The circumstances under which a person can establish title to land by adverse possession in Alaska was significantly curtailed in 2003 by adding a good faith requirement. Recent Alaska cases clarify that a person who established all of the elements of adverse possession before July 18, 2003 is not subject to this narrower version of the law. At least one Alaska superior court judge has found that the 2003 law does not apply to prescriptive easements. The Court in Yuk explained that exclusivity can exist despite a public utility easement, so long as the adverse possessor used the land as other landowners did in the subdivision, i.e., subject to the easement. Yuk also showed the importance of a fence in an adverse possession claim, both in establishing hostility and overcoming the presumption of permissive use, and emphasized that an adverse possessor can mistakenly believe they own the disputed land without defeating hostility. Although not binding on other courts in the State, Loewen is an example of a case where the presumption of permissive use was rebutted despite the fact the initial use was permissive.


[1] Alaska Stat. § 09.10.030 (2017); Alaska Stat. § 09.45.052 (2017); 2003 Alaska Sess. Laws Ch. 147 (S.B. 93).
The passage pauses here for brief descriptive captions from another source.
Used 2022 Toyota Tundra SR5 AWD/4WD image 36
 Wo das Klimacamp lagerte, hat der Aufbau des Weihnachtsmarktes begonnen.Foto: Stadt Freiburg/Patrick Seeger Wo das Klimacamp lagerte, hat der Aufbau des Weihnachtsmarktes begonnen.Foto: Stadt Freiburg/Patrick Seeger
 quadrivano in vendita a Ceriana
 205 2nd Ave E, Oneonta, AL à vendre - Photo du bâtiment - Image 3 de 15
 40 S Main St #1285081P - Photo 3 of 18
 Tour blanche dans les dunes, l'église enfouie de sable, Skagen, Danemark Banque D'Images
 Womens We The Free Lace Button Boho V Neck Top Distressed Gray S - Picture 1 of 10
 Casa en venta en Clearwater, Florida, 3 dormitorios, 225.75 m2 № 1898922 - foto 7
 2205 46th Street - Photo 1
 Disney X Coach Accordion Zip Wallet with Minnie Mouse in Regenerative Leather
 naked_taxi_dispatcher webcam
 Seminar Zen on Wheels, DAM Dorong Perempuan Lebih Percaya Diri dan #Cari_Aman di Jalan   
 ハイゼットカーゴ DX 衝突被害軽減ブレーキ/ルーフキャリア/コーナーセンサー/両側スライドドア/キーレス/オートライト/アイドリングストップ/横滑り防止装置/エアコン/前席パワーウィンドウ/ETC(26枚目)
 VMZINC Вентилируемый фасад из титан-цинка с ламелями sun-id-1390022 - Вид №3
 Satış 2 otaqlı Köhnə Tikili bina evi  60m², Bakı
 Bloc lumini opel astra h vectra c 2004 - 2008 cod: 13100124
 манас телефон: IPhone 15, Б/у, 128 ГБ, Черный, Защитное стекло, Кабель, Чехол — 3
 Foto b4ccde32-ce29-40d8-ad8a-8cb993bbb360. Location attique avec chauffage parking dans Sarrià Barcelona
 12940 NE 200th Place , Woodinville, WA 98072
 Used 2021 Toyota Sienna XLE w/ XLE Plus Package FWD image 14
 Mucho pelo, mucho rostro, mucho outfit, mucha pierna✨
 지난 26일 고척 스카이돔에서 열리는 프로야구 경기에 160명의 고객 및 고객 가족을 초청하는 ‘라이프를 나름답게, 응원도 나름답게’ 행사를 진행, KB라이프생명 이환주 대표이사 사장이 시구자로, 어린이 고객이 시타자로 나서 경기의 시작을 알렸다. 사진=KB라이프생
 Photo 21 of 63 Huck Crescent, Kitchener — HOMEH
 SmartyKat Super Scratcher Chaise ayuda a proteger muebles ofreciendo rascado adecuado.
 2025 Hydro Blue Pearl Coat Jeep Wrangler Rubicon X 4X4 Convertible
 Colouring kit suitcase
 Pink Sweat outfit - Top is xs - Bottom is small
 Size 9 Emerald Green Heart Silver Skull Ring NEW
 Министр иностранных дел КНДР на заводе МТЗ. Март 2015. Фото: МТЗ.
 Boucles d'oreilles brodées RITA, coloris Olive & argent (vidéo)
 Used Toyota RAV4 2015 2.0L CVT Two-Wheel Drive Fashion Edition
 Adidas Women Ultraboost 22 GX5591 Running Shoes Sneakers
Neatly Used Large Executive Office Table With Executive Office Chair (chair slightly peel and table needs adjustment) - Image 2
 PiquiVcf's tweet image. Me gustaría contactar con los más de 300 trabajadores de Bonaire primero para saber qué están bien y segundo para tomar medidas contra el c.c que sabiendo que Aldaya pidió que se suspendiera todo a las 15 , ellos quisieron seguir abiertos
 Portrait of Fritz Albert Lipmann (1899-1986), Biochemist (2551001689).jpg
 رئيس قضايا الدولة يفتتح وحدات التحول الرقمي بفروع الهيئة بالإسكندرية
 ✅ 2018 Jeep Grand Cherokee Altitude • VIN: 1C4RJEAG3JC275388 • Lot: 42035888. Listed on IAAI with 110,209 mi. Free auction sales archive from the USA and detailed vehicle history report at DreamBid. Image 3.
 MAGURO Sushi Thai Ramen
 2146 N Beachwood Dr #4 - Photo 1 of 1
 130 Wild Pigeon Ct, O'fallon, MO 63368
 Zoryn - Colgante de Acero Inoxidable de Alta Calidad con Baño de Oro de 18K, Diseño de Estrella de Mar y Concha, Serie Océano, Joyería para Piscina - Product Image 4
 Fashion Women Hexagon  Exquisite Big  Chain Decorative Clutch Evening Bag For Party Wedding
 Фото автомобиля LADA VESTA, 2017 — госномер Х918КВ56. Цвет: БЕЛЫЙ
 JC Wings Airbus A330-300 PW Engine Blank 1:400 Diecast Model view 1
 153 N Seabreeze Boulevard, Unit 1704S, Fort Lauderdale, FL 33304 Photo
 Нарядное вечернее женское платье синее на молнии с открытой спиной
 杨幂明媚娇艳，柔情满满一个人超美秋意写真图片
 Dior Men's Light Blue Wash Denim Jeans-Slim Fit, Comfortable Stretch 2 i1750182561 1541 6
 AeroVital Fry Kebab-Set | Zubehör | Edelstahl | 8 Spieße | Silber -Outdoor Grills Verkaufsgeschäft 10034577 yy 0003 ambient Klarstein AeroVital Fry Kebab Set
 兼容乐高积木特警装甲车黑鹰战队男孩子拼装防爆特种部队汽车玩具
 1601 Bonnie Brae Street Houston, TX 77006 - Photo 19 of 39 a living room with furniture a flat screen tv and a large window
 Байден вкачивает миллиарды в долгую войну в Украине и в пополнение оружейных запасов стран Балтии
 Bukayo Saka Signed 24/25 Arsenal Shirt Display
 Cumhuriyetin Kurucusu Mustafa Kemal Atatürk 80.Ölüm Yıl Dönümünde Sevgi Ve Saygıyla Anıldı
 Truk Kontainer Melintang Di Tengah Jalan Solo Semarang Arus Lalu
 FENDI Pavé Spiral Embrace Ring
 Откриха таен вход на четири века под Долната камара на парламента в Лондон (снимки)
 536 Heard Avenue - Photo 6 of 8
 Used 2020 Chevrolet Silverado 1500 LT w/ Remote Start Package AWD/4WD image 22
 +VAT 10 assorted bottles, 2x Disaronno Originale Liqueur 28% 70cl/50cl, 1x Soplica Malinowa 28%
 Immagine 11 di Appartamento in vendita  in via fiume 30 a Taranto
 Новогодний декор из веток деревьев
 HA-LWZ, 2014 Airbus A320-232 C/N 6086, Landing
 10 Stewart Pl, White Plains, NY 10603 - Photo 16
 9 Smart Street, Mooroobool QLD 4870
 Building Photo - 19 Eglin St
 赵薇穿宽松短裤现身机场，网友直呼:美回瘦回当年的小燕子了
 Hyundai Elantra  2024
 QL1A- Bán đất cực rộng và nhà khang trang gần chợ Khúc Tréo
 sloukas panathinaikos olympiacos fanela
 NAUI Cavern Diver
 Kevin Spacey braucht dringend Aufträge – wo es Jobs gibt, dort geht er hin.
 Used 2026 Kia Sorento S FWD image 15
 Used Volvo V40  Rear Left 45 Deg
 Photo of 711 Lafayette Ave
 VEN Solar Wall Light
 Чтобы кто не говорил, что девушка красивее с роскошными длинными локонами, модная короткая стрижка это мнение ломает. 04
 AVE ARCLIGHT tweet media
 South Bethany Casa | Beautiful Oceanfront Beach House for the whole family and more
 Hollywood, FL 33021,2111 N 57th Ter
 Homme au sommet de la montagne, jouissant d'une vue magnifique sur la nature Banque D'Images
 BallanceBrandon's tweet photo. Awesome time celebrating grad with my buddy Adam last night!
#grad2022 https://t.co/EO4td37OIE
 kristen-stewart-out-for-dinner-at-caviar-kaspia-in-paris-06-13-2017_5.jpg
[2] In addition to the 10-year adverse possession rule, if a person has uninterrupted, adverse, and notorious possession of land for seven years under “color and claim of title” (i.e., the person in good faith possessed an instrument like a deed ostensibly (but not actually) passing title to the land in question), that person can establish new title to land (except against the government). The 2003 amendments did not change this seven-year “color and claim of title” rule.

[3] 397 P.3d 261, 264 (Alaska 2017) (citing Cowan v. Yeisley, 255 P.3d 966, 973 (Alaska 2011)).

[4] 400 P.3d 116, 119-121 (Alaska 2017).

[5] 1JU-13-00596CI (Alaska Super., Sept. 19, 2016).

[6] Yuk, 397 P.3d at 265.

[7] 1JU-13-00596CI (Alaska Super., Sept. 19, 2016) (citing Cowan, 255 P.3d at 974 (further citation omitted)).